Start & Stop Signals
- Start codon: \text{AUG} → Methionine → signals ribosome where to begin translation (small + large subunits assemble here).
- Stop codons: \text{UAA},\text{UAG},\text{UGA} → no amino acid inserted; translation terminates.
No Overlap / No Punctuation
- mRNA read sequentially, non-overlapping, continuous: …|codon1|codon2|codon3|…
- Mutations that shift the reading frame ⇒ dramatic effects (frame-shift mutations; discussed later).
Worked Example (From Slide)
DNA template (5’→3’):
TAC TTC AAA ATC
Step 1 – Transcription (base-pair rules) → mRNA (5’→3’):
AUG AAG UUU UAG
Step 2 – Translation (use code table):
| Codon | Amino acid |
|---|---|
| AUG | Methionine (Met) – start |
| AAG | Lysine (Lys) |
| UUU | Phenylalanine (Phe) |
| UAG | Stop |
| Result = Tripeptide: Met–Lys–Phe, then termination. |
Quantitative & Statistical References
- Genetic code math: 4^3 = 64 codons vs. 20 amino acids ⇒ redundancy.
- Evolutionary time frame: common ancestor ≈ 3.6\,\text{billion} years ago.
- Human genome composition: \sim 99\% non-protein-coding DNA.
Practical / Ethical Implications
- Universal code underlies recombinant DNA technology: mass-produce hormones (insulin), vaccines, enzymes.
- Mutation analysis: understanding codon changes → predict amino-acid substitutions vs. silent vs. nonsense mutations.

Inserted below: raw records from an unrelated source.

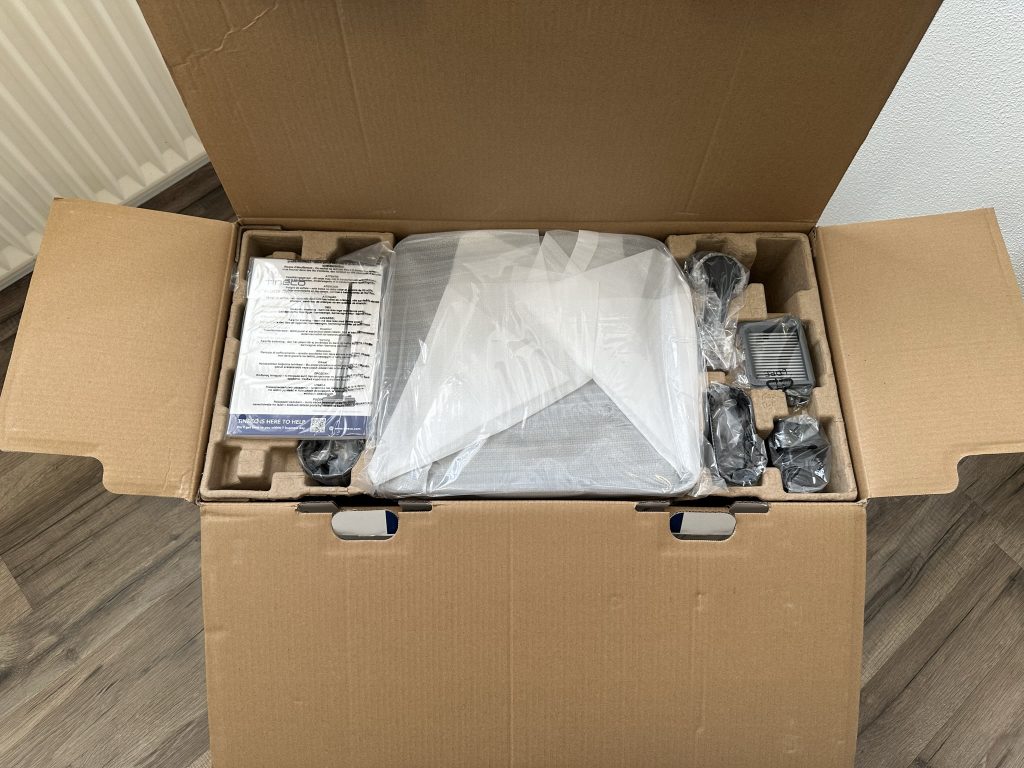 Tineco-Floor-ONE-S7-PRO-unboxing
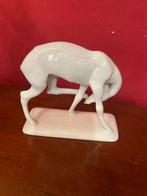 Rosenthal - Beeldje - Cerbiatto - Porselein, Antiek en Kunst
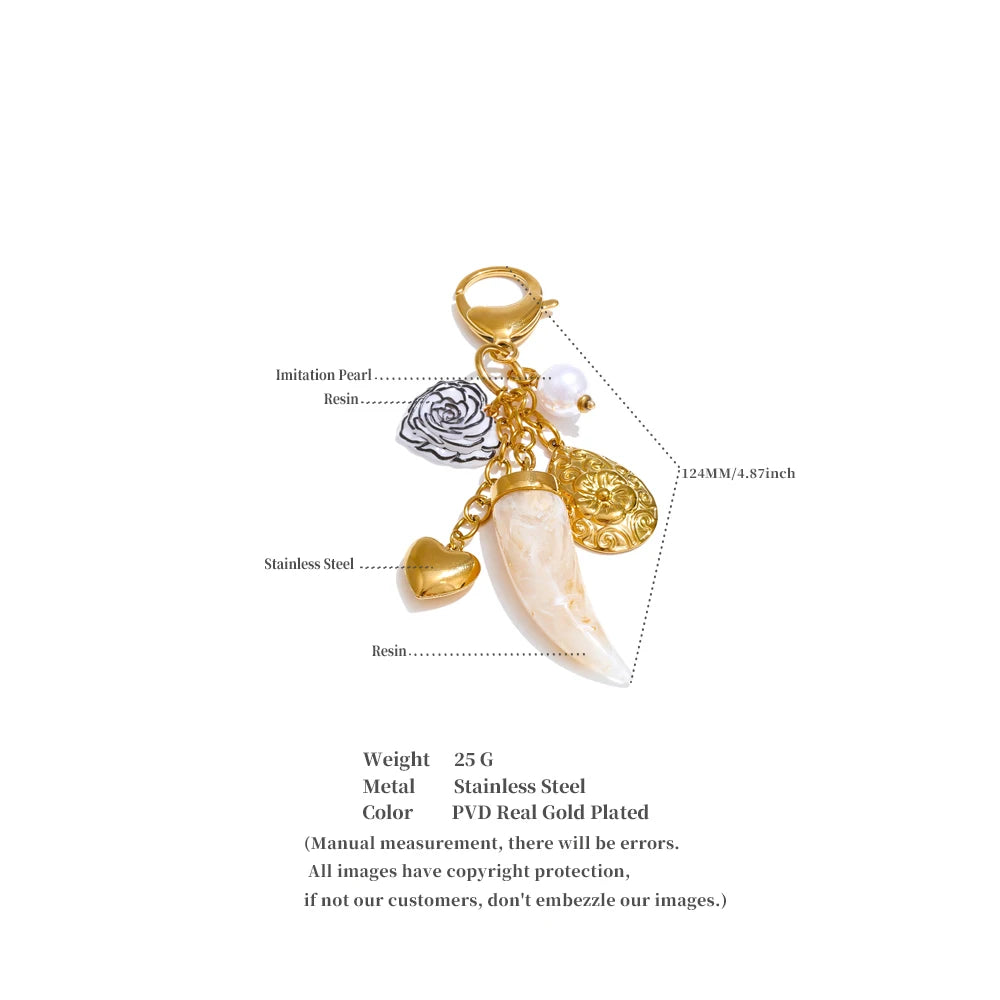 Lunar Ivory Talisman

- Conservation of code opens debate on genetic engineering ethics (e.g., transgenic organisms, gene therapy).
Connections to Prior & Future Content
- Ch. 1: Mentioned “common genetic code” as evidence of shared ancestry.
- Ch. 4: Ribosome structure/function (protein factory).
- Ch. 11: Gene regulation — why most DNA is non-coding yet vital.
- Upcoming lectures: detailed mechanisms of transcription (RNA polymerase, promoters) → translation (tRNA, ribosomal sites) → mutation types (missense, nonsense, frameshift).
Key Vocabulary
- Central dogma, gene, transcription, translation, mRNA, tRNA, rRNA, codon, anticodon, base triplet, start codon (AUG), stop codon (UAA/UAG/UGA), redundancy, degeneracy, unambiguous, universal.
Quick Reference Cheat-Sheet
- Start = \text{AUG} (Met)
- Stops = \text{UAA}, \text{UAG}, \text{UGA}
- Base-pair rules (DNA→RNA): A↔U, T↔A, C↔G, G↔C
- Codon count math: 64 codons ↔ 20 amino acids + 3 stop signals.
- Percentage of non-coding human DNA ≈ 99\%.
- Evolutionary conservation: same code across all life forms.